In the material below, find the line with "ArrinaWairr live cam on BongaCams" and the line with "Stan na prodaju", then output both and every line between them exactly, omitting pictures.

DATA TO EXAMINE
+---+

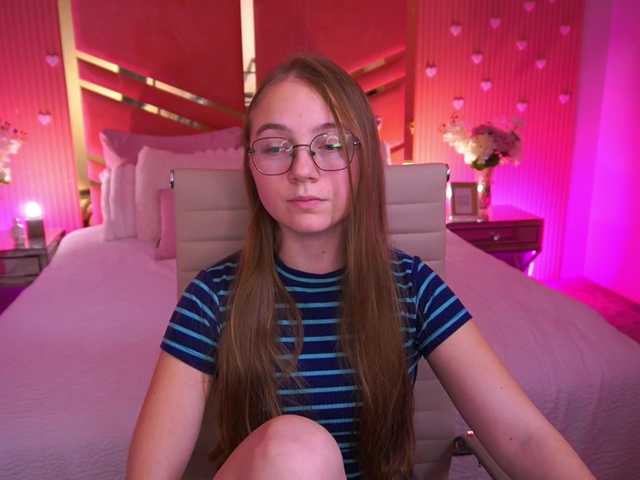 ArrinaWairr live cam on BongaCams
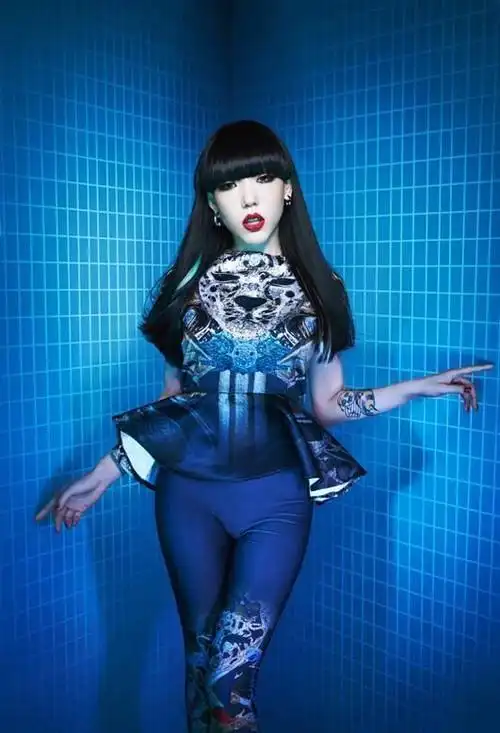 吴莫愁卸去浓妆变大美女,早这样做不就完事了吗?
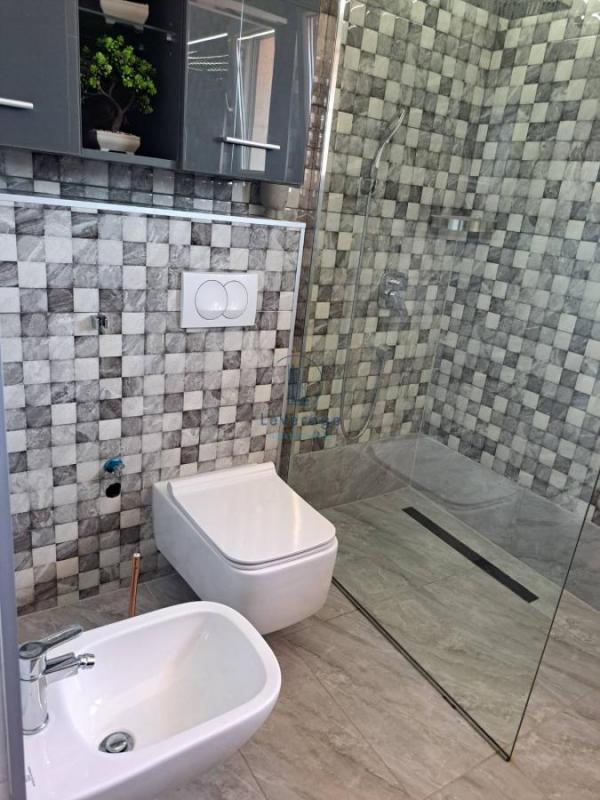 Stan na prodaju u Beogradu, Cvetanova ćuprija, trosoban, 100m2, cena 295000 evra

+---+

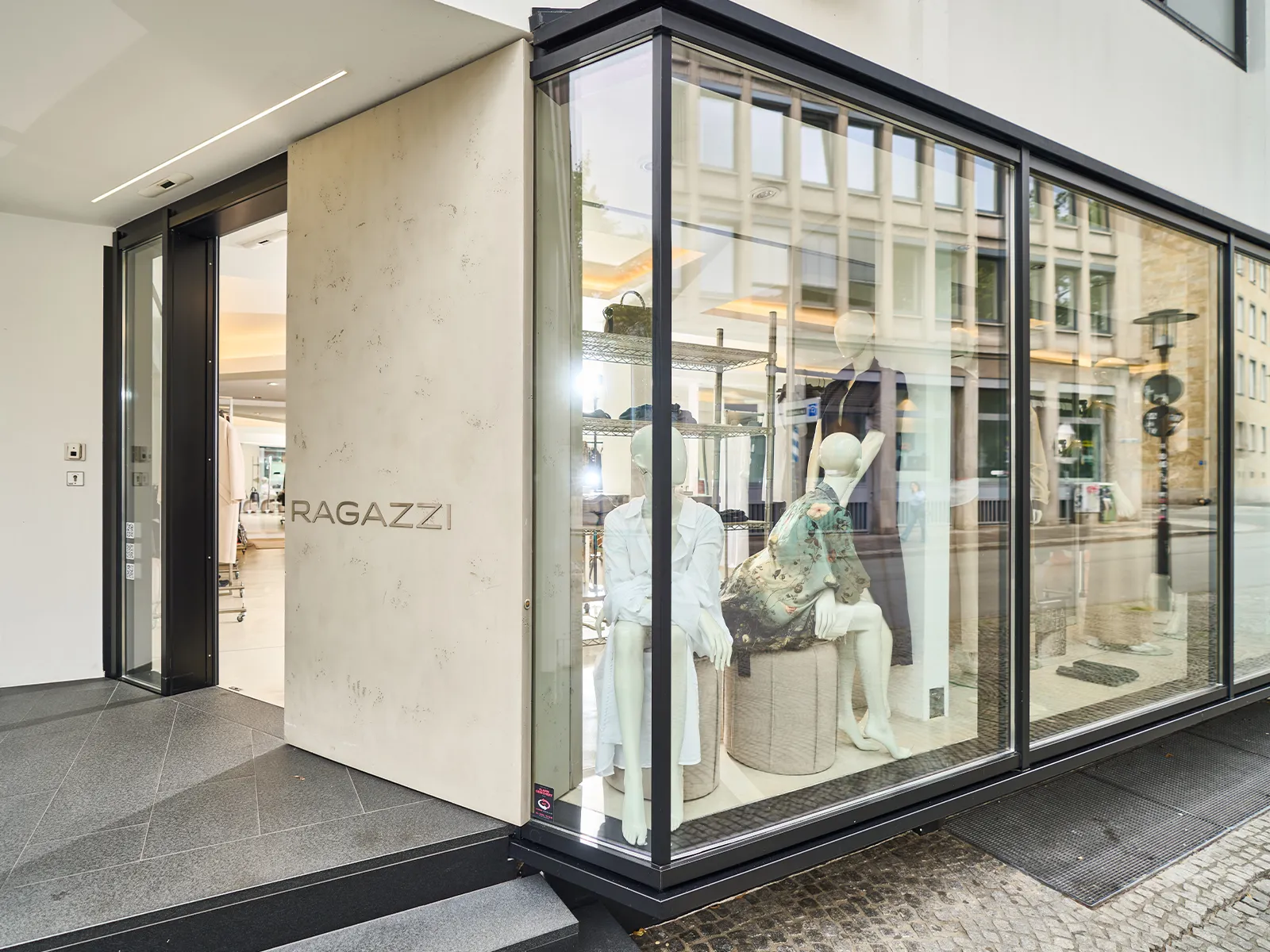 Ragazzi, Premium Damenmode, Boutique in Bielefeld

+---+

ANSWER SPACE
 ArrinaWairr live cam on BongaCams
 吴莫愁卸去浓妆变大美女,早这样做不就完事了吗?
 Stan na prodaju u Beogradu, Cvetanova ćuprija, trosoban, 100m2, cena 295000 evra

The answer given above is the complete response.